4.2 Compared methods

(1)
HFSNM: FSNM is a feature selection [3, 40] method based on l_2,1-norms minimization [27]. FSNM based on loss function makes the process of feature selection with joint sparsity efficient. The l_2,1-norms used is robust in outlier points. We make Transform FSNM into a hierarchical feature selection algorithm named HFSNM that is applied to hierarchical datasets. We use support vector machine to classify the classes after hierarchical feature selection.
(2)
HmRMR: mRMR [28] algorithm is an approximation of the best maximum dependency feature selection algorithm in theory, which maximizes mutual information between the selected features and the joint distribution of classification variables. HmRMR [15] has feature selection ability for hierarchical datasets. After finishing hierarchical feature selection, we need support vector machine to classify the classes.
(3)
HRelief: Relief [18] algorithm is a feature selection approach. Relief does subset search work instead of global search and gives different weights to different attributes. We modify Relief to HRelief for suiting hierarchical datasets. After feature selection process, support vector machine identifies the classes.
(4)
HFISHER: Fisher Score [9] has good discriminating capability for feature selection. Fisher Score finishes the feature selection process using full data, which is totally labeled. We modify FISHER Score feature selection to HFISHER for hierarchical datasets and use support vector machine to identify the labels.
(5)
LBRM [45]: LBRM algorithm is a hierarchical classification method based on a local Bayes risk minimization approach. The LBRM algorithm balances predicting risks for choose to go to a lower level or to finish the prediction process at nodes on the tree structure. The LBRM algorithm can decide not to go down to the lower level. This step can greatly avoid the inter-level error propagation in the hierarchical structure.
(6)
HCMP [16]: HCMP is a hierarchical classification algorithm method using the best k-th paths for another round classification at non-leaf nodes in a hierarchical classification. The HCMP algorithm first classifies the best several selection on each tree level with logistic regression method. The HCMP algorithm then uses random forest method to select the best node from these several nodes.
(7)
FSFHC [49]: FSFHC is a hierarchical classification algorithm based on a recursive regularization feature selection. FSFHC method uses the structural relationship of hierarchical parent-child as its hierarchical regularization strategy. Hilbert-Schmidt Independence Criterion used in this method for measuring the distance of sibling nodes. Support vector machine algorithm is used for identifying classes after hierarchical feature selection.

4.3 Evaluation metrics

Classification accuracy (accuracy)

Accuracy is an important evaluation metric to measure the classification performance of classifiers. We compare the predicted labels of the classifier with the correct labels, and the ratio of the correct number of predicted labels to the total number is accuracy.
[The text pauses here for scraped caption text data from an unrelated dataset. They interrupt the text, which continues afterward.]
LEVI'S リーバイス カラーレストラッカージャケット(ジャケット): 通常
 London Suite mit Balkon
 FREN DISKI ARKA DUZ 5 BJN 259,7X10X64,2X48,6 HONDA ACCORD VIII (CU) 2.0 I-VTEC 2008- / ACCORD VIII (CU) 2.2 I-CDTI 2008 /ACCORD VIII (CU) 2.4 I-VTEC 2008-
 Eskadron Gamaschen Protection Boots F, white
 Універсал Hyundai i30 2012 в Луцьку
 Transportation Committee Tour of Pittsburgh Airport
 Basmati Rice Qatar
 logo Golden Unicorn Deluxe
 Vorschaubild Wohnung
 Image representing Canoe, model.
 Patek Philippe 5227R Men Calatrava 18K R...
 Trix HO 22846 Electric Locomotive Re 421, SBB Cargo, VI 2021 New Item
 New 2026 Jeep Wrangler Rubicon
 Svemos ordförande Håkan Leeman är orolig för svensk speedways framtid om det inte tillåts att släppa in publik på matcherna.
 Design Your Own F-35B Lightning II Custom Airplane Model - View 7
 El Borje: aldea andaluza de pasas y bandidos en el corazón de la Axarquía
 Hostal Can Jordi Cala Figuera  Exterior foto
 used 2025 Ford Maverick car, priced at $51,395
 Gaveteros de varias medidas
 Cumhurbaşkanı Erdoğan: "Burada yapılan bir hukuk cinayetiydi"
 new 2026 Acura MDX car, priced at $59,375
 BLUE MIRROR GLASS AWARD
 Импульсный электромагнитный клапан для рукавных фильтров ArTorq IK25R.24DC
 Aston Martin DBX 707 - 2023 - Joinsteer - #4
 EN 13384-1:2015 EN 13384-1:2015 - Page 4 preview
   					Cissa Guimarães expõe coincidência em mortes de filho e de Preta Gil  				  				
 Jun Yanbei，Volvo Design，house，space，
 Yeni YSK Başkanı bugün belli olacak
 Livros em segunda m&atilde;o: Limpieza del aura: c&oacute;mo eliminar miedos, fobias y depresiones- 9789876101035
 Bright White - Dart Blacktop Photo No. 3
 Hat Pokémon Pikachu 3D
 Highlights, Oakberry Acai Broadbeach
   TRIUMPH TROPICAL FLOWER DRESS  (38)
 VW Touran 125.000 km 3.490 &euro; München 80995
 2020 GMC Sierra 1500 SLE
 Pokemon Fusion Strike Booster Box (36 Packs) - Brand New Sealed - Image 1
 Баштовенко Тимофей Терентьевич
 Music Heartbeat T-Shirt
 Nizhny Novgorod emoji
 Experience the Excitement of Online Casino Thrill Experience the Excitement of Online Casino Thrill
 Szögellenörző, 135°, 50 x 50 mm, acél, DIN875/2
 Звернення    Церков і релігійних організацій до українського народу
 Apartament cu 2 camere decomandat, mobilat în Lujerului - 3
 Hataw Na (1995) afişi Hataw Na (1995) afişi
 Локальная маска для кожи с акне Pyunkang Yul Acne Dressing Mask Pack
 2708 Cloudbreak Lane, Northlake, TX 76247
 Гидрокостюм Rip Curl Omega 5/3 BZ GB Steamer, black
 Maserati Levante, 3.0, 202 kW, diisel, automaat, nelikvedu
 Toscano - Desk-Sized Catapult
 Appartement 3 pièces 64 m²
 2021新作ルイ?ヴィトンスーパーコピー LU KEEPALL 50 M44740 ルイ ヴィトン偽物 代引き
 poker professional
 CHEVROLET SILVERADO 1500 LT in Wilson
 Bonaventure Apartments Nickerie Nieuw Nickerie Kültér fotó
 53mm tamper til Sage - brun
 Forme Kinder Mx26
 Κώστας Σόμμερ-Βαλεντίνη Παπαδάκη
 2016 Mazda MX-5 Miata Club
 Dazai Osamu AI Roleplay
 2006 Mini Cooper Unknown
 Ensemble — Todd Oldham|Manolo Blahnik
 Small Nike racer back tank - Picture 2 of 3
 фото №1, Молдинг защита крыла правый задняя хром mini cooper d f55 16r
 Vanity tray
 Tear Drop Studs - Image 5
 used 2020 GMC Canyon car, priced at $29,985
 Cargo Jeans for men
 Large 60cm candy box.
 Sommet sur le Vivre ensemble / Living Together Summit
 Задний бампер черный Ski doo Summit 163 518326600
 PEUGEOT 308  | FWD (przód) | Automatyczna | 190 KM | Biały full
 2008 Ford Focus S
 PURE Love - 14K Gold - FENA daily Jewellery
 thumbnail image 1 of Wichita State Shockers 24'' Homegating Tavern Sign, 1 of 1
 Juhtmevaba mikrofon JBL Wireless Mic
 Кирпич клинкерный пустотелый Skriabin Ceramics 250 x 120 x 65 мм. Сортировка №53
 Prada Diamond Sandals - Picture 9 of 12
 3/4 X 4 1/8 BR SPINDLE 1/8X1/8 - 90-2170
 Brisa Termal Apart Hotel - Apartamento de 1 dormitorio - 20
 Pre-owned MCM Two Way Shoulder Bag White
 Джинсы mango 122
Hierarchical measure (F _H)

Hierarchical F₁ measure (F_H) is an important criterion for hierarchical classification. F_H measure considers the relationship between all ancestors and descendants of each class. F_H includes hierarchical precision (P_H), hierarchical recall (R_H). P_H, R_H and F_H are defined as follows.

$$ P_{H} =\frac{|\hat{D}_{aug} \cap D_{aug}|}{|\hat{D}_{aug}|}, $$

(6)

$$ R_{H} =\frac{|\hat{D}_{aug} \cap D_{aug}|}{|D_{aug}|}, $$

(7)

$$ F_{H} =\frac{2 \cdot P_{H} \cdot R_{H}}{P_{H} + R_{H}}, $$

(8)

where D_aug = D ∪ anc(D), $\hat {D}_{aug} = \hat {D} \cup {anc}(\hat {D})$, |⋅| is the number of elements, D is the right label, $\hat {D}$ is the predicted label, and anc(D) is the parent label set of the right label to which the sample belongs.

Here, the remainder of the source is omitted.